What this task involves ▸
Please reproduce the entries exactly, skipping each picture.

#### Data shown

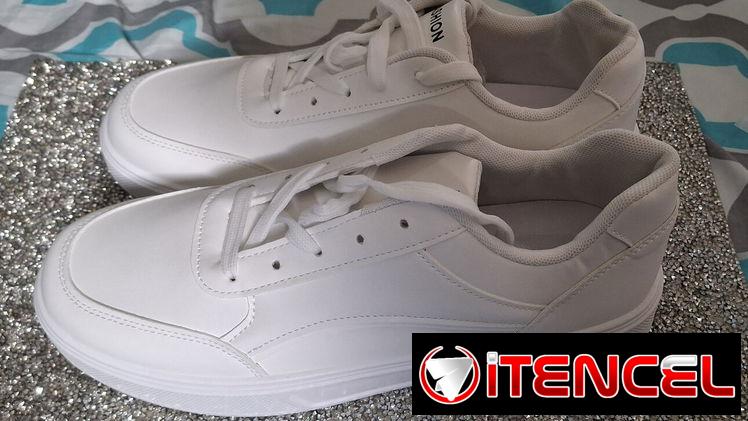 Tenis blancos nuevos, no 41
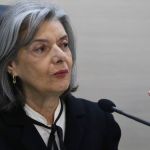 Cármen Lúcia manda 5 processos contra Bolsonaro para Justiça do DF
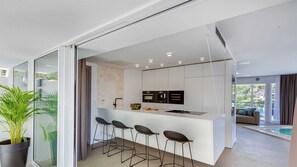Fridge, microwave, oven, stovetop - Luxury Villa Prestige with two pools, Hvar (Vrboska)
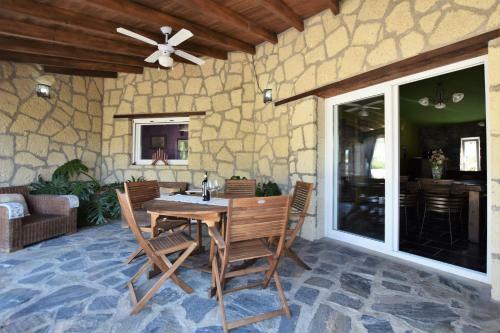 Bohemian Paradise + Pool & Ocean Views & Garden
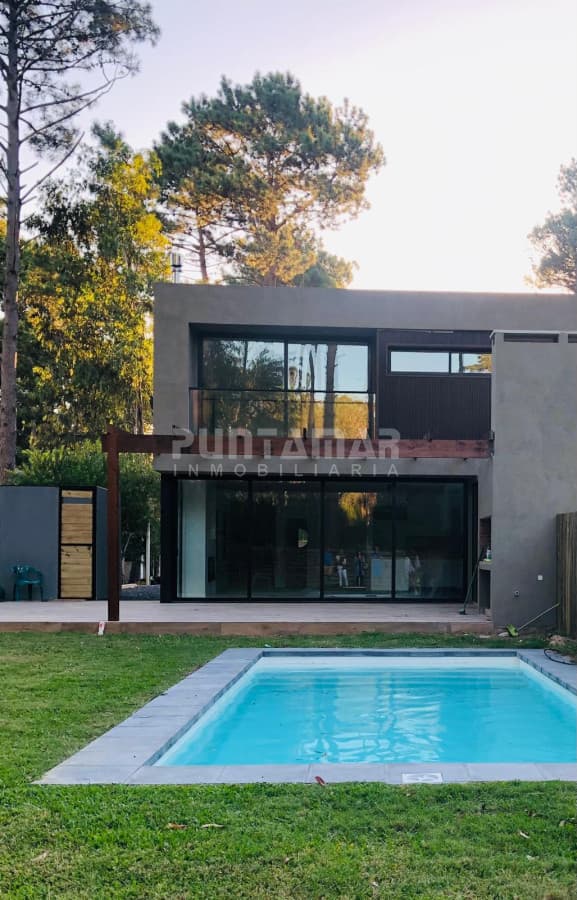HERMOSA CASA DE 4 DORMIS Y 4 BAÑOS CON PISCINA PRIVADA EN SOLANAS COUNTRY  -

########

Completed task ▸
 Tenis blancos nuevos, no 41
 Cármen Lúcia manda 5 processos contra Bolsonaro para Justiça do DF
Fridge, microwave, oven, stovetop - Luxury Villa Prestige with two pools, Hvar (Vrboska)
 Bohemian Paradise + Pool & Ocean Views & Garden
HERMOSA CASA DE 4 DORMIS Y 4 BAÑOS CON PISCINA PRIVADA EN SOLANAS COUNTRY  -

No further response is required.